La Comtesse. — Et lorsque le jour paraît, si malheureusement on se trouve accablée de sommeil, il faut encore dire qu’on ne peut pas se résoudre à se coucher. Vous en direz tout ce que vous voudrez ; pour moi, je m’imagine qu’il y a beaucoup plus d’avantage (surtout pour les personnes paresseuses comme moi) dans le parti de ces brillantes retraites où l’on semble reprendre un nouvel éclat. Vous ne le croiriez pas, je suis quelquefois tentée d’en faire l’essai.

La Marquise. — Ah ! gardez-vous-en bien. N’y eût-il que le préliminaire, il est affreux : plus de rouge, plus de spectacles ; la parure est encore un article qu’il faut céder…
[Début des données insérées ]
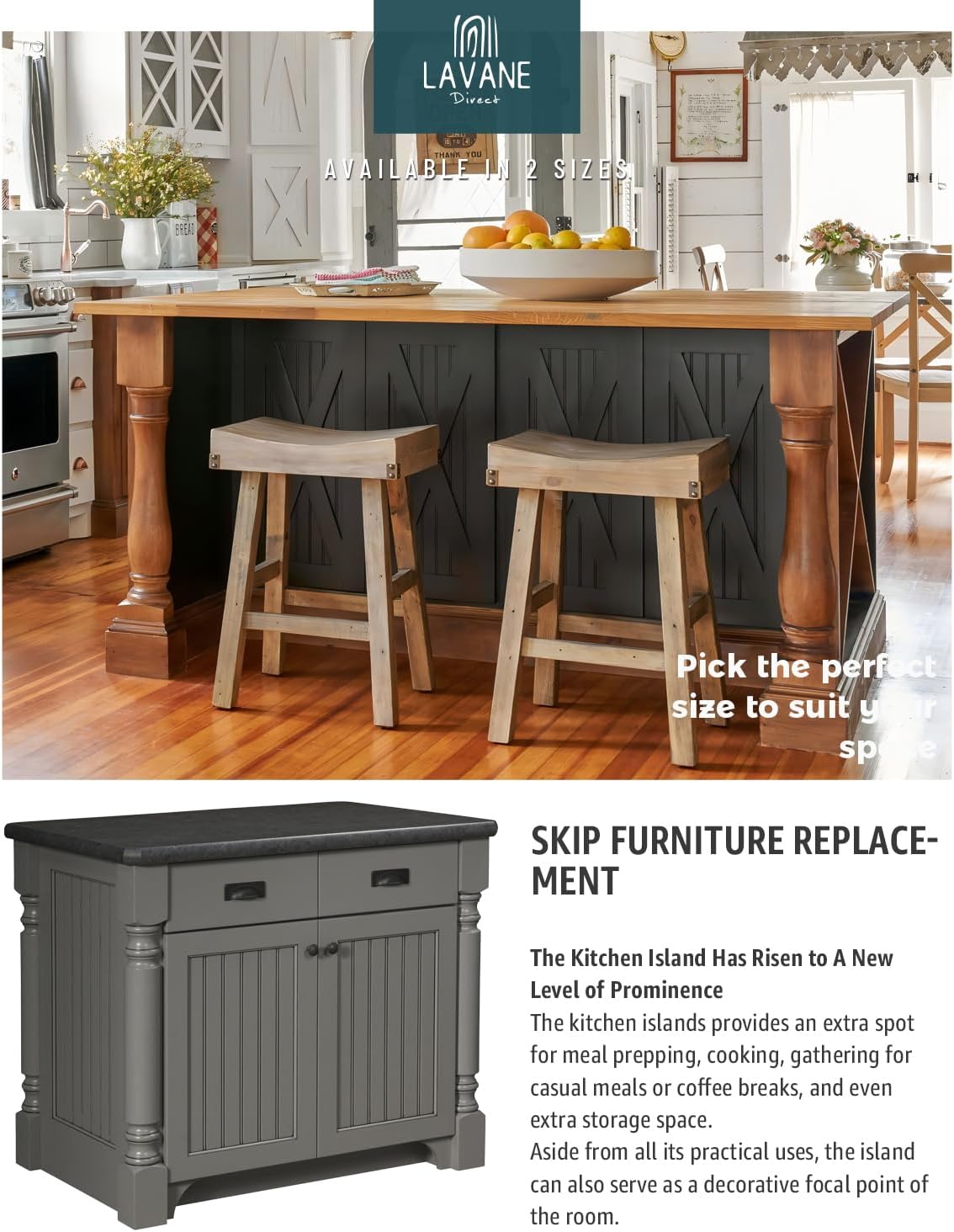 La Vane 35 1/2-inch H 5-inch W 5-inch D Solid Wood Kitchen Island Legs, Set of 2 Traditional Unfinished Massive Replacement Cabinet Columns Countertop Legs for Large Dining Table & Kitchen Table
Le bouquet de la pièce, c’est la réponse de la comtesse lorsque la marquise lui confie que son amant Acaste a eu l’idée saugrenue de demander sa main : « Peut-être feriez-vous mieux de le prendre au mot. — Comment donc ? — Oui, de l’épouser pour vous en défaire. » Et la marquise s’empresse de suivre un si sage avis.

Quant aux lettres de Mme de Staal, elles soutiennent la comparaison avec ses mémoires et classent leur auteur parmi les maîtres du genre. Sentimentale avec le chevalier de Ménil, purement amicale avec M. d’Héricourt et Mme du Deffand, cette correspondance reflète à merveille sa nature d’esprit moralisante, un peu précieuse, tournée vers le marivaudage philosophique et le reploiement sur soi-même. Lorsqu’elle écrit à la marquise, le trait devient plus sarcastique, afin de se mettre à l’unisson, de guérir ses infirmités morales en l’amusant. Passer tout à ses amis et ne rien prétendre, prendre le temps, les choses, les gens, comme tout cela se trouve, se bien pénétrer de cette idée que la délicatesse augmente à mesure qu’on la sent et que ce sont les intervalles de plaisir qui font l’ennui, voilà sa recette, pas très différente en somme de celle de la duchesse de Choiseul[1]. Quant à l’altesse sérénissime, on l’égratigne de temps en temps, vengeance bien permise après toutes les meurtrissures supportées depuis trente ans, et l’on ne se gêne pas pour remarquer que les grands,

  1. Voir, dans la Revue du 15 août 1890, Mme de Choiseul et ses amis.